If I had to guess, I'd say you've got low light at your substrate, but you could still grow some plants.


----------



## vtyou (Mar 17, 2012)

solarz said:


> Depends, how big is the tank? What kind of plants are you trying to grow?
> 35 cm is not very high, so the area immediately under the CFL will have enough light for medium-light plants. The surrounding areas, on the other hand, may only be able to support low-light plants.


The tank dimensions are L50xD33xH35cm and I am mainly looking to grow monte carlo and maybe some rotala. I have another goose neck lamp laying but was just wondering if one bulb was enough to put me in the medium light range.


----------



## solarz (Aug 31, 2010)

vtyou said:


> The tank dimensions are L50xD33xH35cm and I am mainly looking to grow monte carlo and maybe some rotala. I have another goose neck lamp laying but was just wondering if one bulb was enough to put me in the medium light range.

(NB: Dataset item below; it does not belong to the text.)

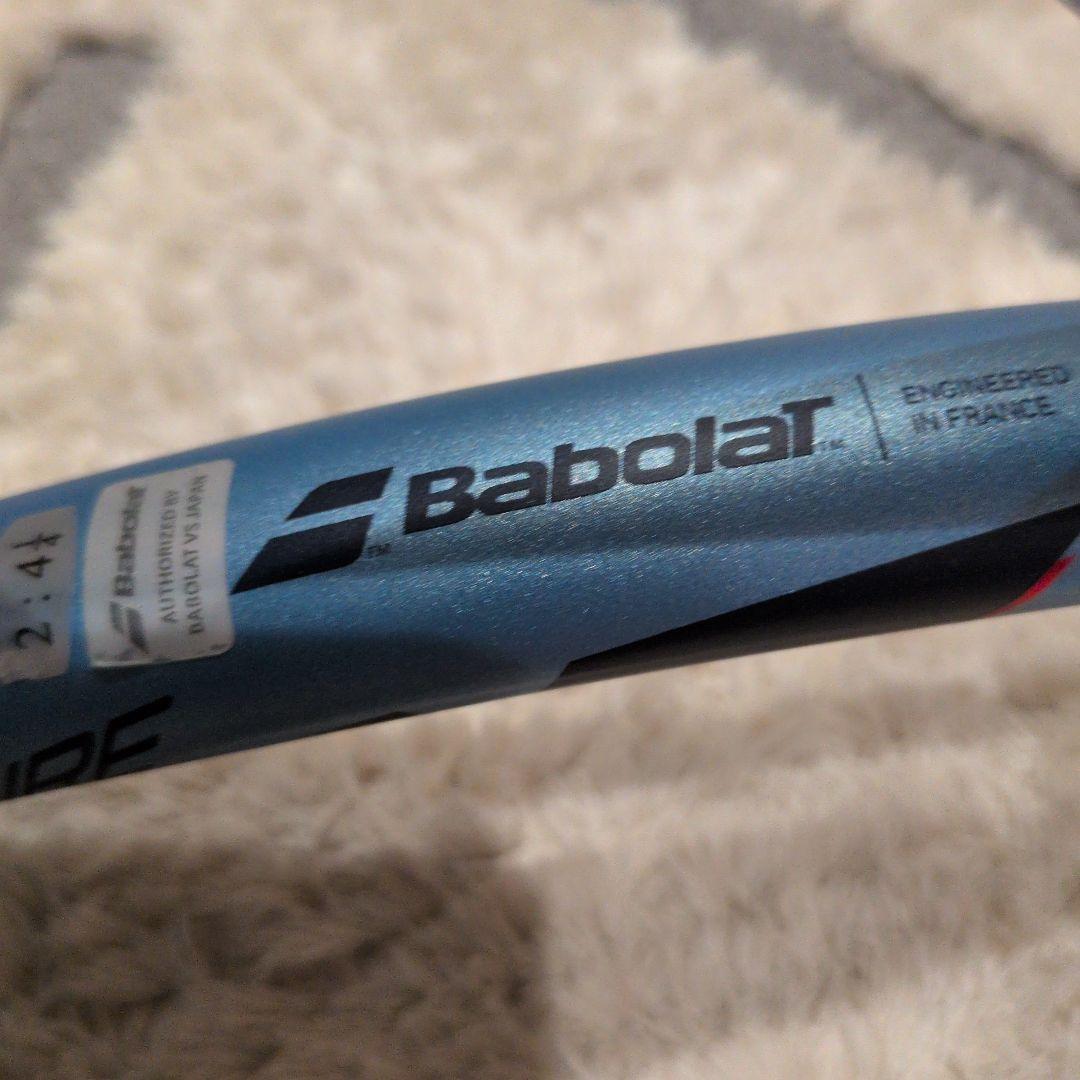 い*ん様 バボラ　ピュアドライブ2025 G2 テニスラケット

I think it would give you low light.

To compare, 50cm is about 19". With a T5HO fixture, you'll need 2x18w bulbs to get medium light. That's 36w of T5HO compared to only 23w of CFL.

You could use 2 lamps, but it still wouldn't be as much light as the 2-bulb T5HO.


----------



## vtyou (Mar 17, 2012)

solarz said:


> I think it would give you low light.
> 
> To compare, 50cm is about 19". With a T5HO fixture, you'll need 2x18w bulbs to get medium light. That's 36w of T5HO compared to only 23w of CFL.
> 
> You could use 2 lamps, but it still wouldn't be as much light as the 2-bulb T5HO.


I would probably go with the 2 lamps as I already have them laying around, thanks for your help!

EDIT: Second question! Does anyone know if it's safe to use Miracle Grow's Nature's Care Organic Garden Soil with Water Conserve for a dirted tank?


----------



## rmahabir (Oct 6, 2014)

Hi vtyou,
There is a fish enthusiast out in the US named Pete Mang...very eclectic. He has a website dedicated to years of experimentation. His website will definitely put a very good perspective on your questions for lighting and the usage of Miracle Grow. If nothing else, it is a good read. www.lotsoffish.net


----------